Un vento di destra soffia sull'Italia senza incontrare una adeguata risposta della sinistra. In verità, già da tempo la sinistra italiana ed europea appare ostaggio della logica delle compatibilità del sistema: i balbettii dell'Internazionale Socialista nei giorni del fuoco contro l'Iraq sono stati la prova di una subalternità assai grave. Oggi siamo dinanzi ad un coro consociativo che chiede di seppellire la prima Repubblica e di por mano a riforme istituzionali ispirate alle filosofie neoautoritarie del decisionismo e della governabilità. L'altra faccia di questa tendenza antidemocratica è la stretta sociale che si annuncia come complessivo smantellamento di ciò che resta dello stato sociale a vantaggio di una selvaggia privatizzazione. Questi processi alimentano ulteriormente il divario Nord-Sud, e rendono sempre più drammatica la condizione di dipendenza, di degrado e di diffusa illegalità del mezzogiorno del Mezzogiorno d'Italia.

È urgente allora, ridare ragioni e risorse ad una lotta di opposizione sociale e politica, per costruire una diffusa controffensiva di libertà, di allargamento della partecipazione popolare. Anche la crisi del sindacato, e la sua involuzione burocratica e corporativa, chiedono un impegno di lunga lena per la ricostruzione di un punto di vista di classe che unifichi e rilanci le forze del mondo del lavoro. Anche la centralità dei saperi dentro i processi di modernizzazione capitalista va messa a fuoco con un rinnovato impegno critico, capace di interloquire con le domande antagoniste dei nuovi soggetti giovanili e studenteschi.

Ecco, compagne e compagni, una risposta alla domanda che dice: perché comunisti? Comunisti non per nostalgia di una storia gloriosa ma anche carica di errori, ma comunisti perché c'è bisogno - qui e ora - di una spinta radicale di trasformazione. Il mondo della cosiddetta modernità e delle grandi innovazioni tecnico-scientifiche è meno libero e meno felice di quanto non appaia: inedite forme di asservimento al profitto e alle macchine convivono con vecchie e nuove disperazioni e alienazioni. La lotta dele donne per liberarsi dai vincoli di un universo pensato e costruito al maschile pone a tutti noi domande esigenti e ci spinge ad una grande innovazione di linguaggio e di pratica politica.

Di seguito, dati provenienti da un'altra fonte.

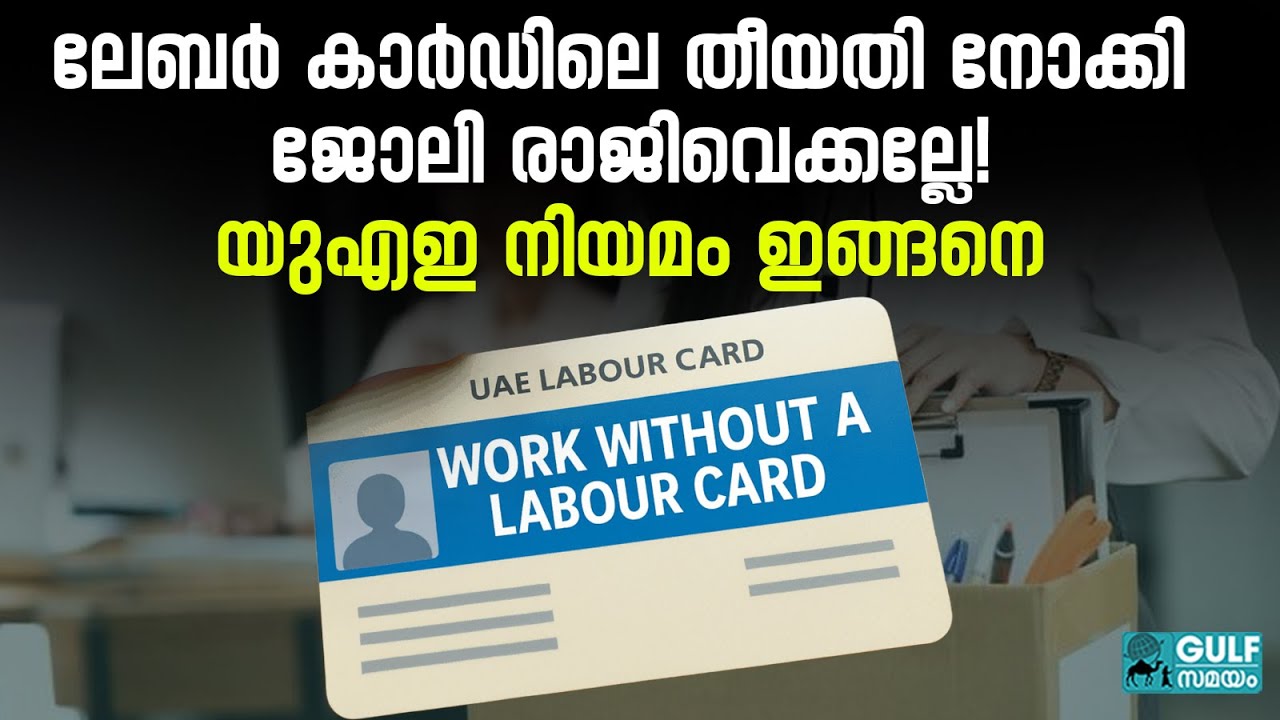 UAE Labour Law :  ലേബർ കാർഡിനെ വെല്ലുന്ന ആ ഒരൊറ്റ രേഖ; പ്രവാസികൾ അറിയേണ്ട ഞെട്ടിക്കുന്ന വ്യത്യാസം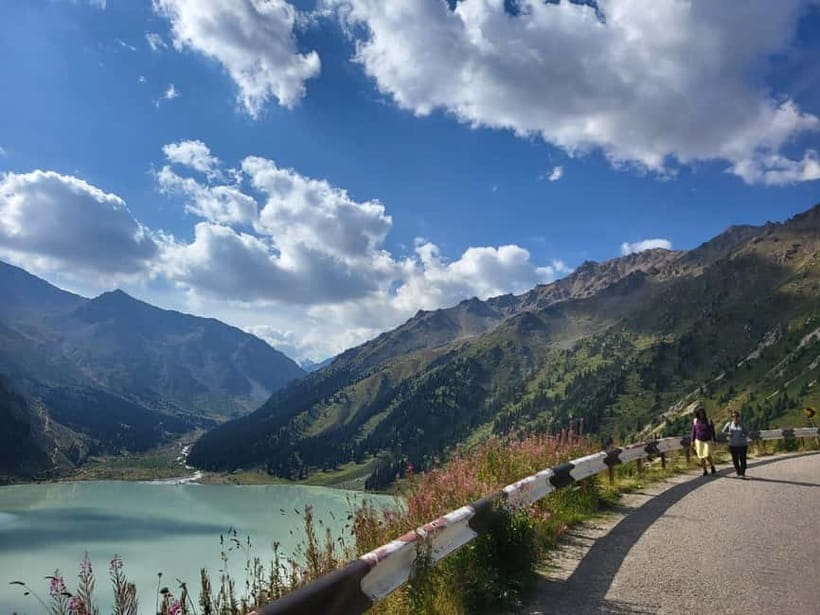 Big Almaty lake tour off road bike - What the $160 price covers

Per questo rivolgiamo alle forze vive della società italiana, alle lavoratrici e ai lavoratori, alle giovani generazioni, agli intellettuali, un appello forte e appassionato a lavorare con noi per la costruzione di un nuovo e grande Partito Comunista. Un partito non piramidale, antidogmatico, aperto al nuovo, pienamente democratico e pluralistico, non violento e di massa. Un partito al servizio di una immensa speranza di cambiamento.